**What needs to be done:**
Exactly the lines below, starting with the one containing "Red bow illustration" and going on through the one containing "Stainless Steel French", must be reproduced, both ends included, and no pictures with them.

**Given data:**

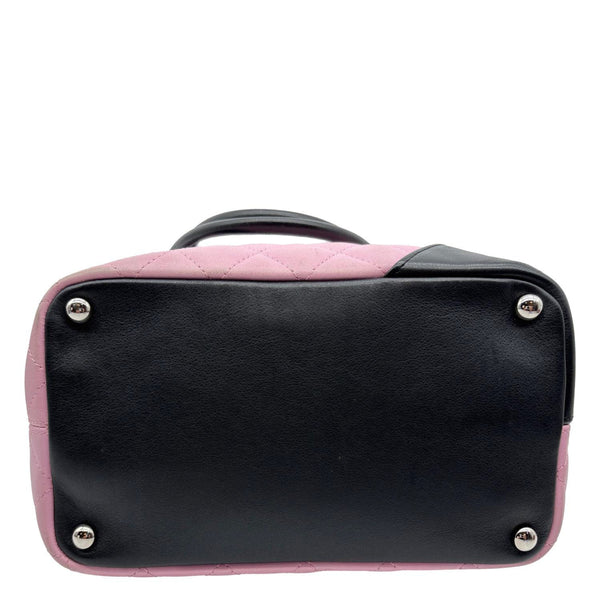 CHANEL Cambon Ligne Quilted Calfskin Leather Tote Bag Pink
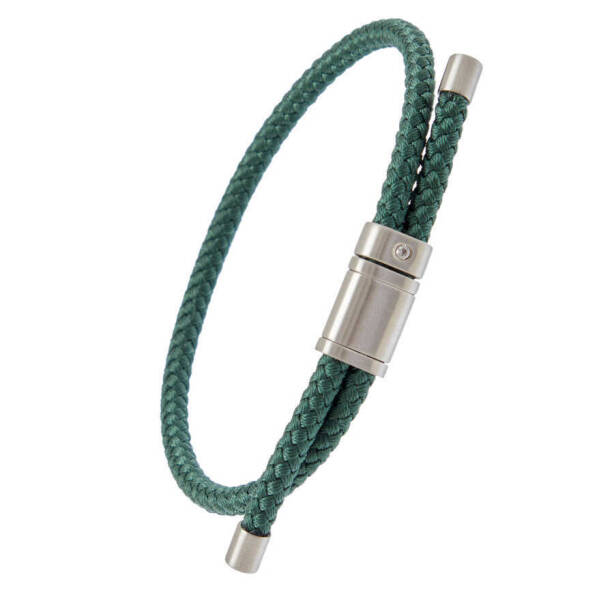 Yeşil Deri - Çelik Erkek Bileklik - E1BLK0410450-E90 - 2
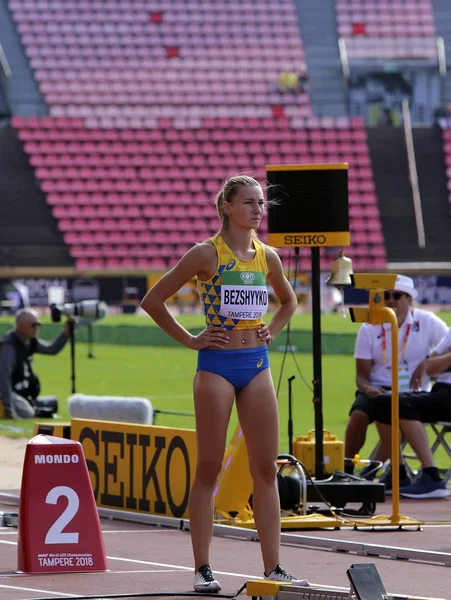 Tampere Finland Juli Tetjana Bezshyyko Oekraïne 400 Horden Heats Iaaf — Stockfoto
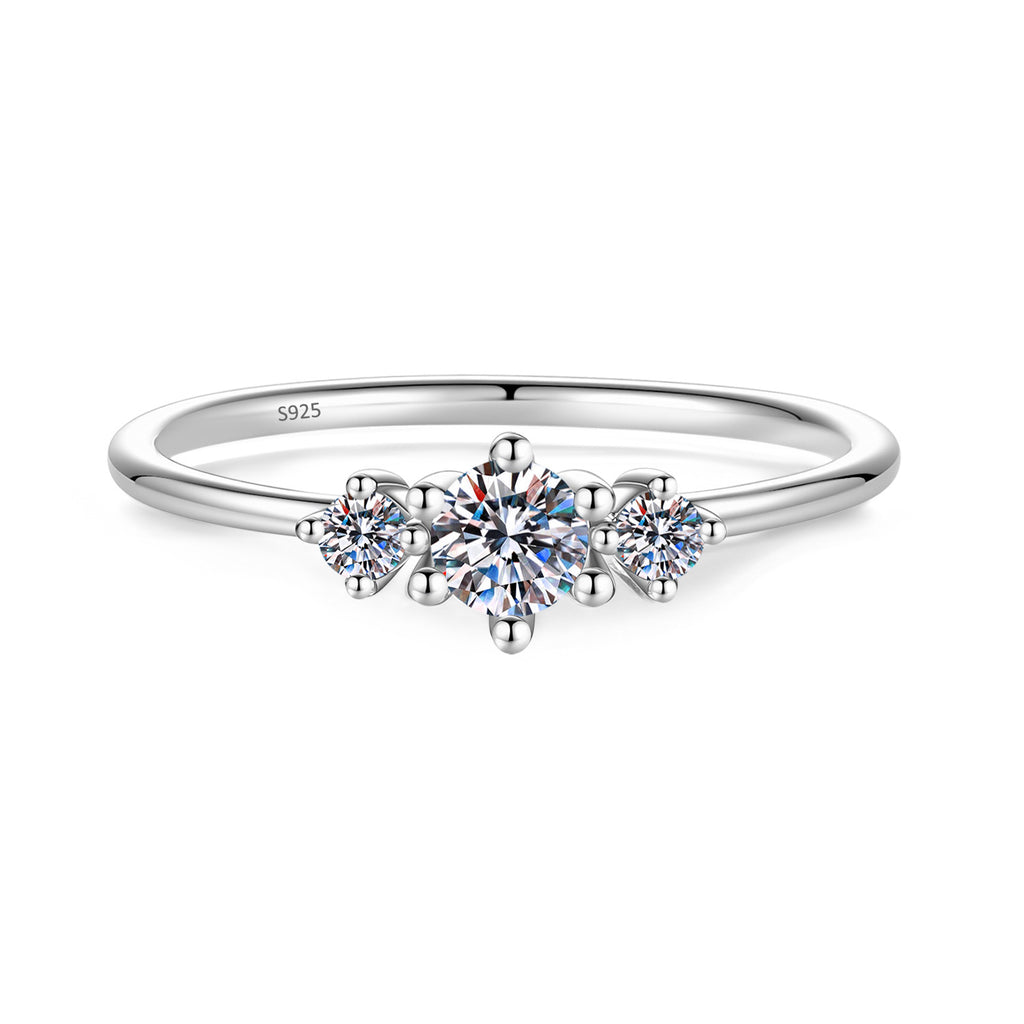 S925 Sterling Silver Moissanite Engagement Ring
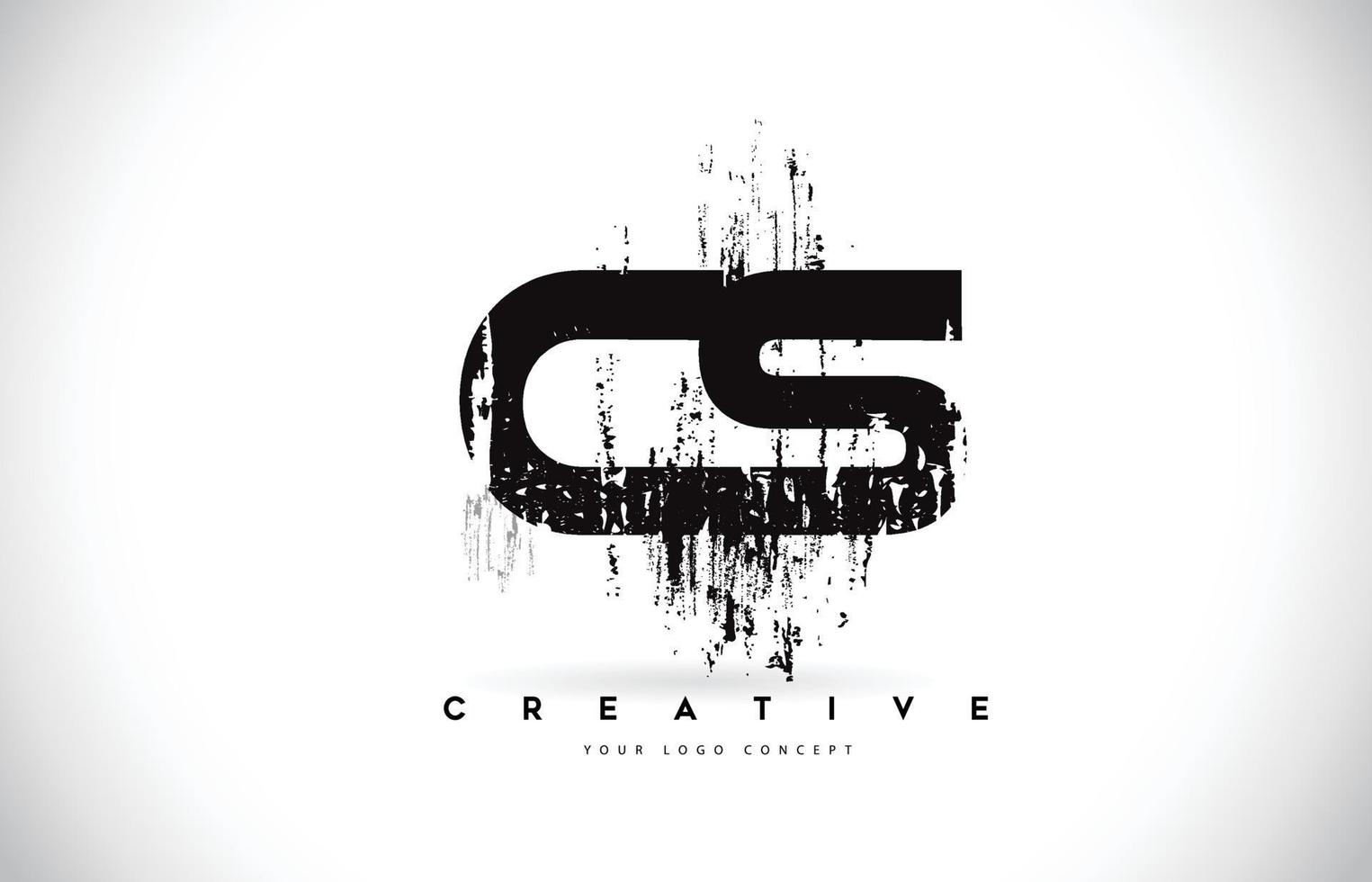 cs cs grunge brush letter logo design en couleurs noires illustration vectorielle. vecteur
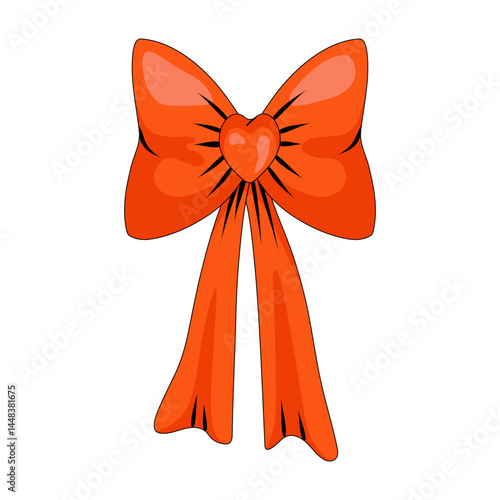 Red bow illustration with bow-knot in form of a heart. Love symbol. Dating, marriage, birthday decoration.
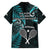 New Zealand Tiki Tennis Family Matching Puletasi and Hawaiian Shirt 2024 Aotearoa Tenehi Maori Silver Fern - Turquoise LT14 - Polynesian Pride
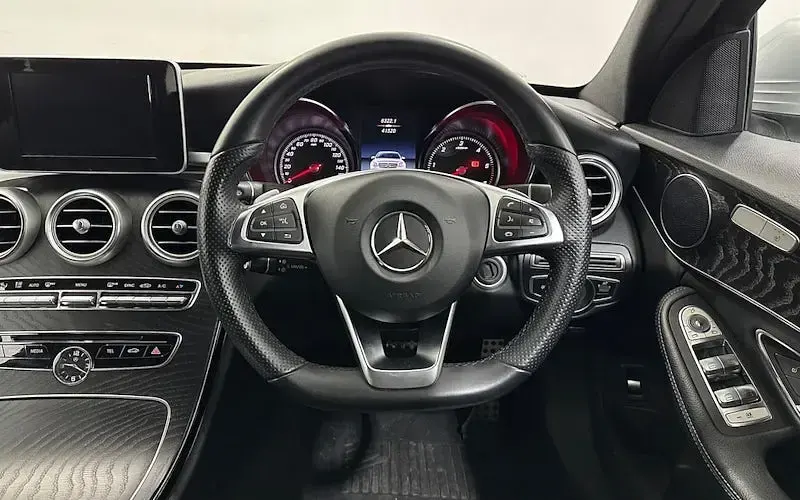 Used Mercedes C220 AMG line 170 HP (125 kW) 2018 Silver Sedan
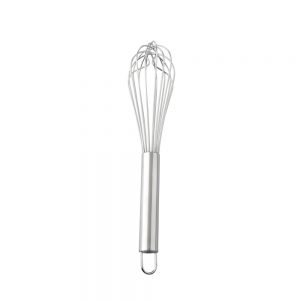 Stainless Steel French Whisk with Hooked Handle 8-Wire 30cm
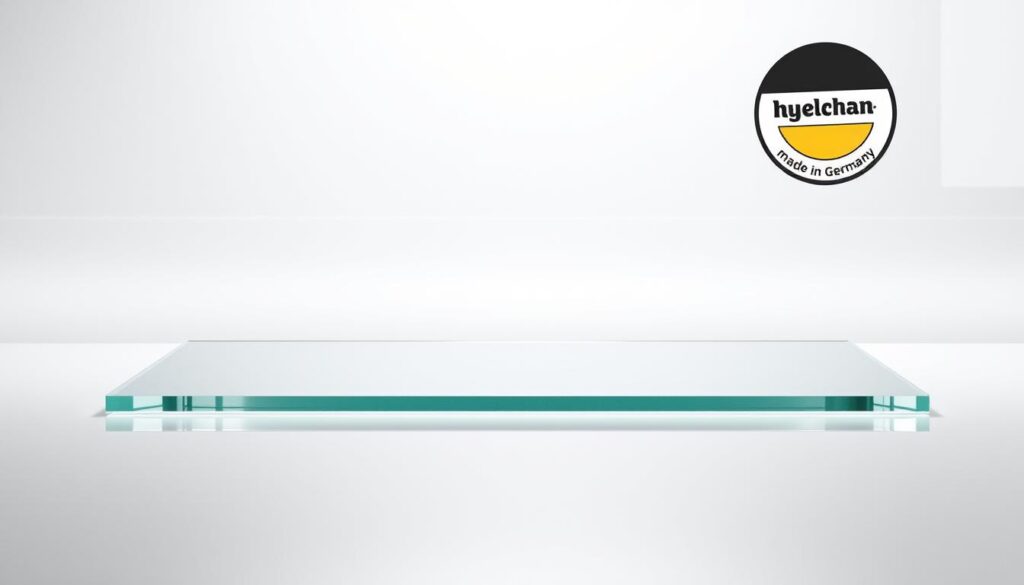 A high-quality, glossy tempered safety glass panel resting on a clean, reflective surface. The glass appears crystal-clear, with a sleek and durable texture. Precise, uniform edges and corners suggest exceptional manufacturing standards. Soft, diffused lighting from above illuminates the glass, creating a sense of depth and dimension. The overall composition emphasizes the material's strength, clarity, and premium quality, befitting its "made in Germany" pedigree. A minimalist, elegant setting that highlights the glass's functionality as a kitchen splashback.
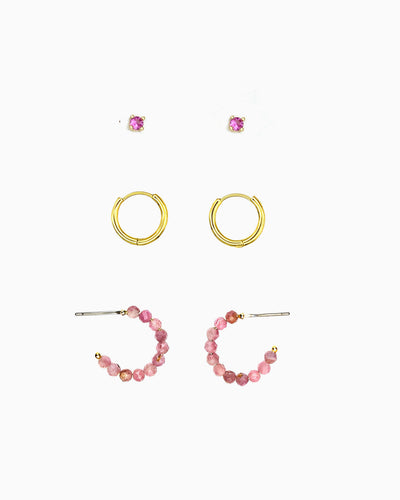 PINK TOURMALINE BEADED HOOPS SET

**Solved problem:**
 Red bow illustration with bow-knot in form of a heart. Love symbol. Dating, marriage, birthday decoration.
 New Zealand Tiki Tennis Family Matching Puletasi and Hawaiian Shirt 2024 Aotearoa Tenehi Maori Silver Fern - Turquoise LT14 - Polynesian Pride
 Used Mercedes C220 AMG line 170 HP (125 kW) 2018 Silver Sedan
 Stainless Steel French Whisk with Hooked Handle 8-Wire 30cm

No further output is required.